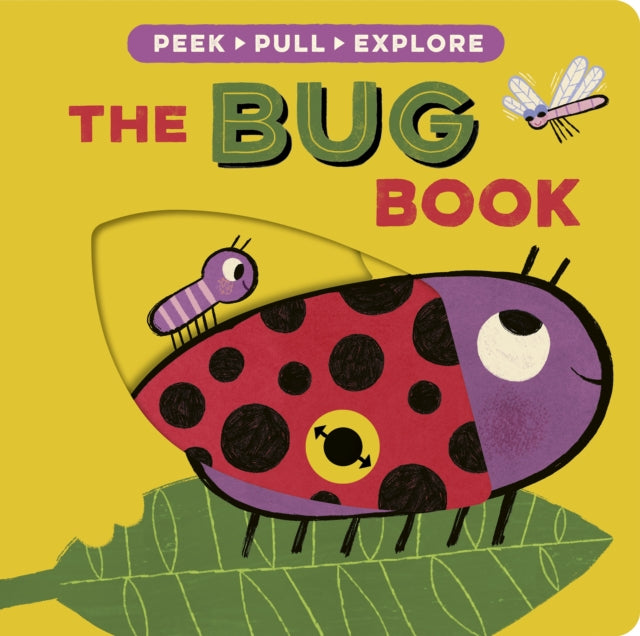 The Bug Book-9781801047562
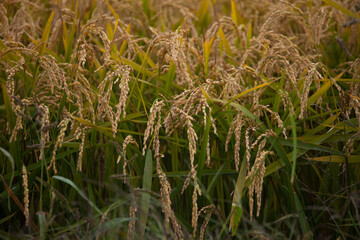 Rice that is ripening and ready to be harvested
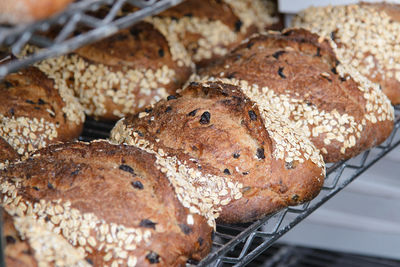 Freshly baked oatmeal raisin bread at an artisan bakery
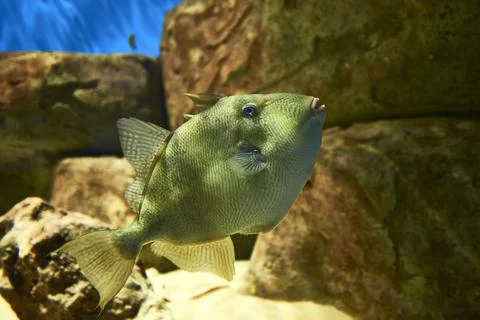 Balistes capriscus, Grey triggerfish Stock Photos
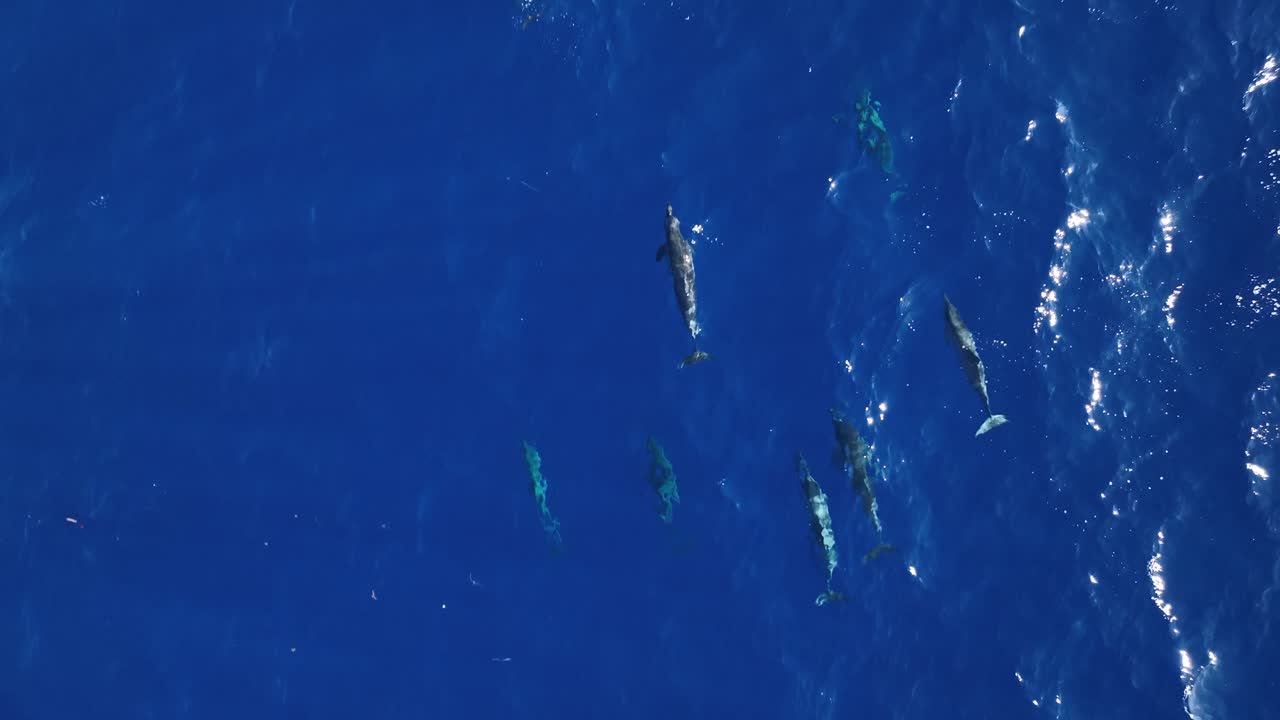 하와이에서 수영하는 돌고래 포드.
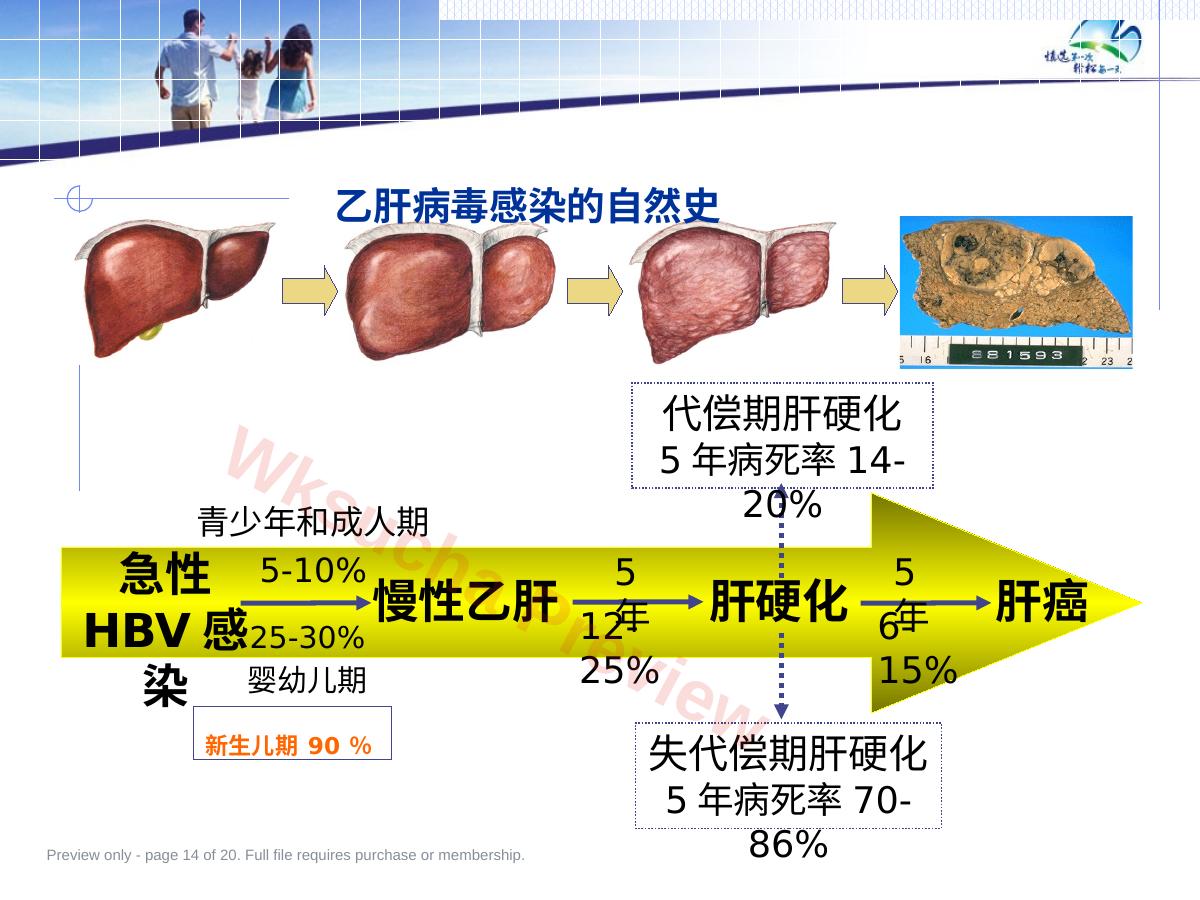 预览第 14 页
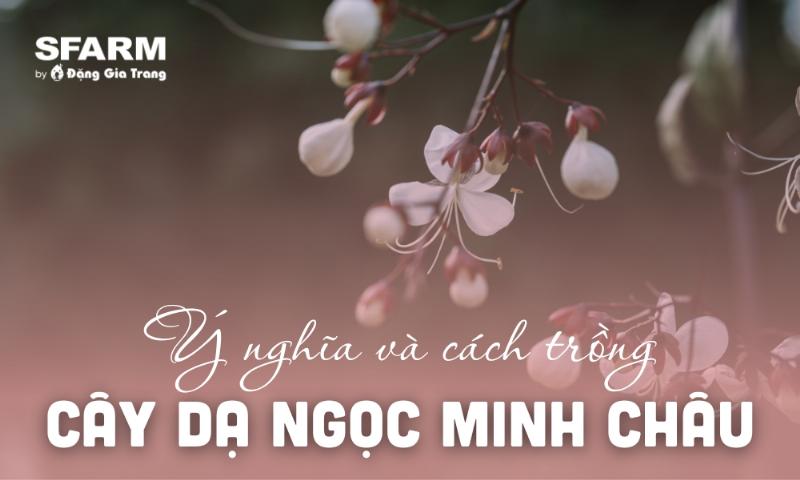 Dạ ngọc minh châu và nghệ thuật trà đạo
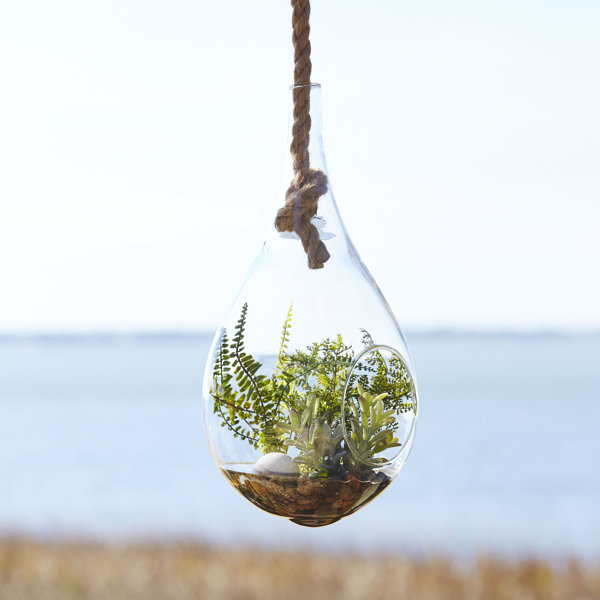 Birch Lane Hanging Terrarium, Faux Fern Birch Lane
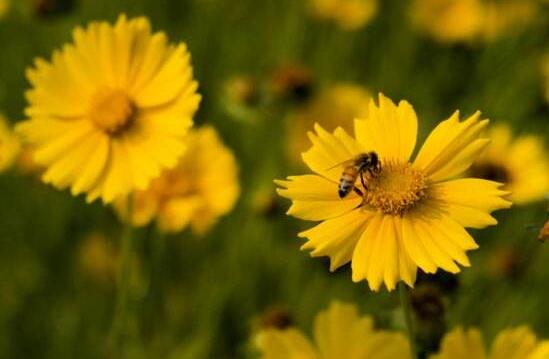 蟛蜞菊的功效与作用，内服解毒抑菌/外用治疗疮疖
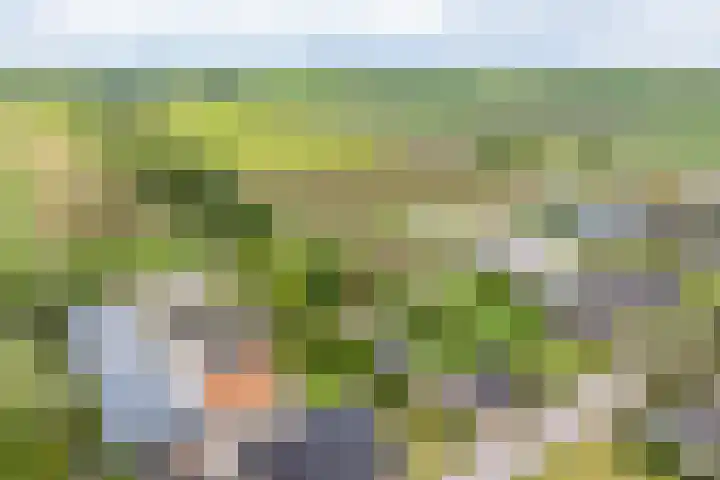 Oosterblokker 131 Oosterblokker thumbnail 89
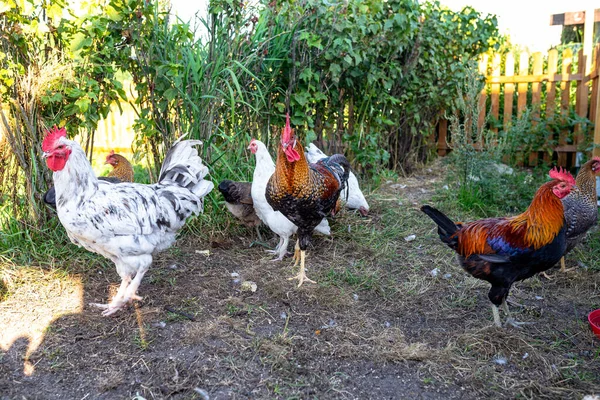 Coqs Colorés Blancs Poules Domestiques Dans Une Petite Ferme Arrière — Photo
★ ★ ★ ★
Problem requirements:
The copy you produce must repeat all the entries exactly and contain no pictures.

Output for this task:
 The Bug Book-9781801047562
 Rice that is ripening and ready to be harvested
 Freshly baked oatmeal raisin bread at an artisan bakery
 Balistes capriscus, Grey triggerfish Stock Photos
 하와이에서 수영하는 돌고래 포드.
 预览第 14 页
 Dạ ngọc minh châu và nghệ thuật trà đạo
 Birch Lane Hanging Terrarium, Faux Fern Birch Lane
 蟛蜞菊的功效与作用，内服解毒抑菌/外用治疗疮疖
 Oosterblokker 131 Oosterblokker thumbnail 89
 Coqs Colorés Blancs Poules Domestiques Dans Une Petite Ferme Arrière — Photo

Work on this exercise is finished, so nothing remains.